_The records_.
=-=-=

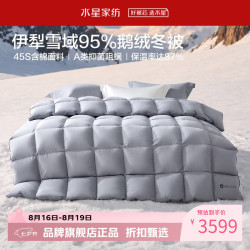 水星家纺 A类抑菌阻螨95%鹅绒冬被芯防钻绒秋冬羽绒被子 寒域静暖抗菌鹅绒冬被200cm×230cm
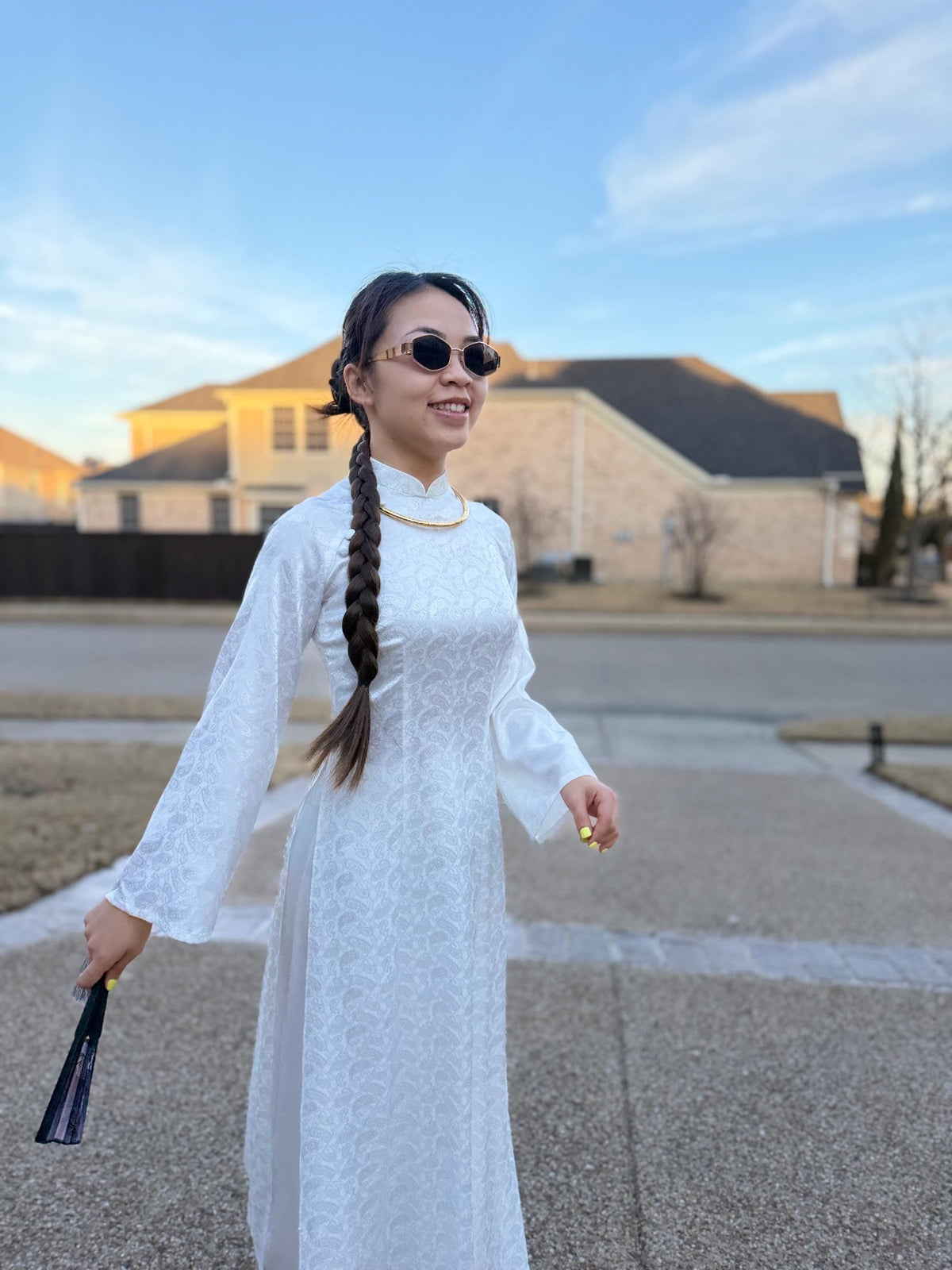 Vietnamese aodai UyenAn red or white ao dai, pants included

=-=-=

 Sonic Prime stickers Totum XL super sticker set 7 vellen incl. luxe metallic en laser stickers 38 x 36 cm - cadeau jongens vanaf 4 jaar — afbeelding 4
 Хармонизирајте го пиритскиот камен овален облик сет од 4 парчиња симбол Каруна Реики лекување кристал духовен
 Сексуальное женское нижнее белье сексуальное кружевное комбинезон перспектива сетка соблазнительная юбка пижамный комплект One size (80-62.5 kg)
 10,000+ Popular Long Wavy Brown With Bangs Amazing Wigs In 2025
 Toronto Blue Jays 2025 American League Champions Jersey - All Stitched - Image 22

=-=-=

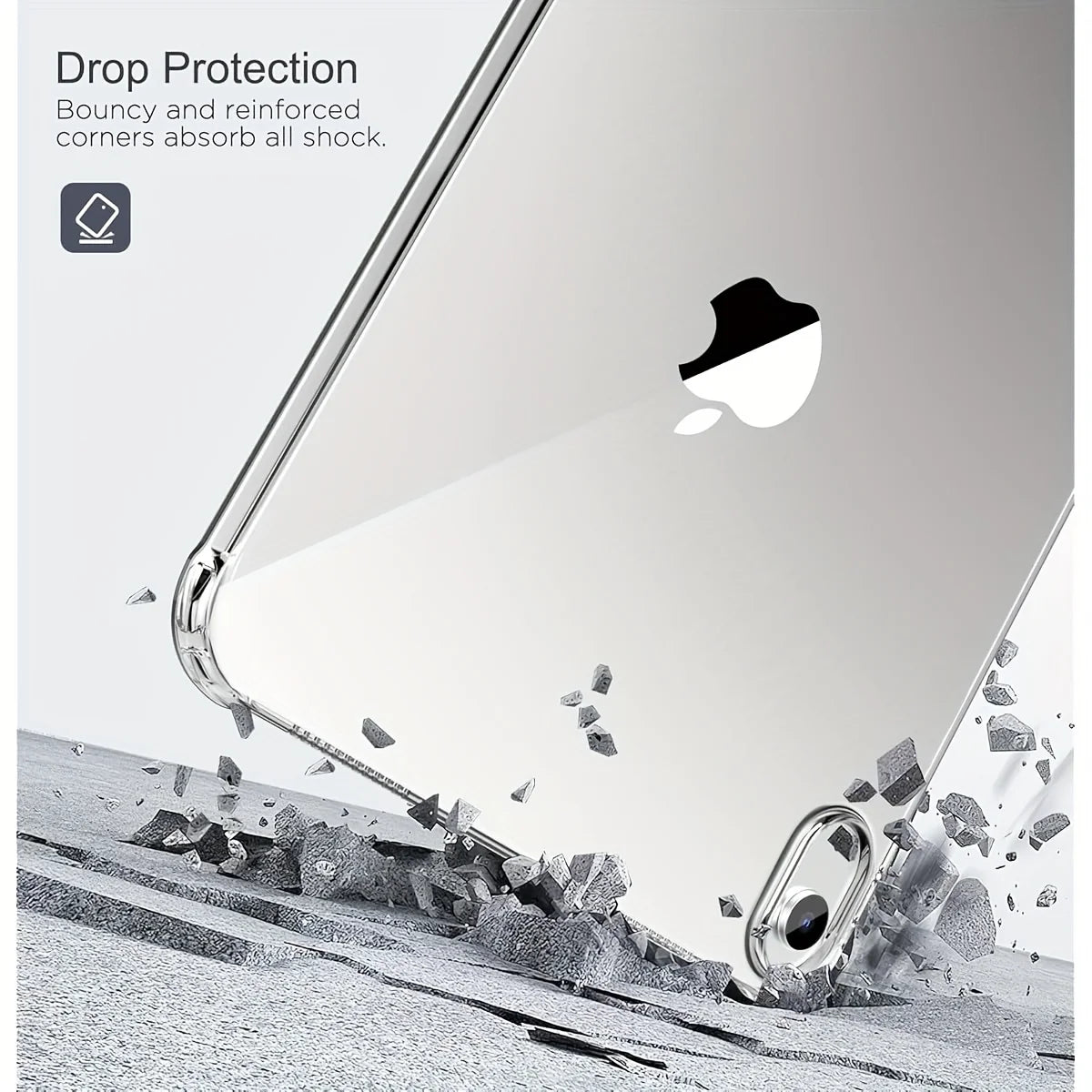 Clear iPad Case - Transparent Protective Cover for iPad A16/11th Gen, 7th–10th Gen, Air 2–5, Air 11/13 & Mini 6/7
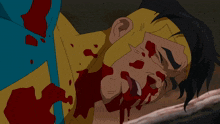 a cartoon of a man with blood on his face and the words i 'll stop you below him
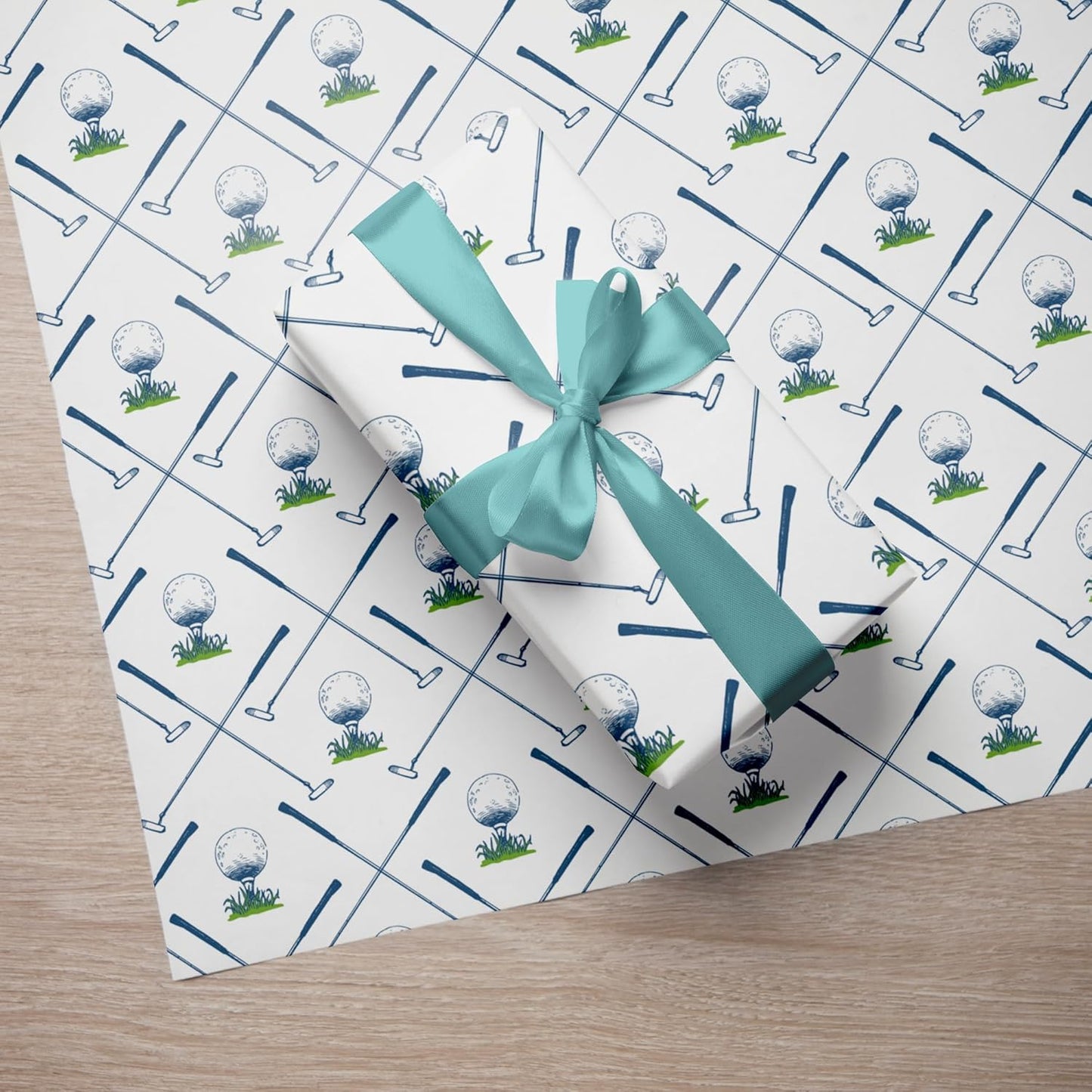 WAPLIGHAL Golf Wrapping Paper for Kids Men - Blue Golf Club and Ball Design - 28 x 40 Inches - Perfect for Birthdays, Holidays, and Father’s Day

=-=-=

Your answer should consist only of the lines above between the line holding "10,000+ Popular Long" and the line holding "Toronto Blue Jays", inclusive, each transcribed exactly.

 10,000+ Popular Long Wavy Brown With Bangs Amazing Wigs In 2025
 Toronto Blue Jays 2025 American League Champions Jersey - All Stitched - Image 22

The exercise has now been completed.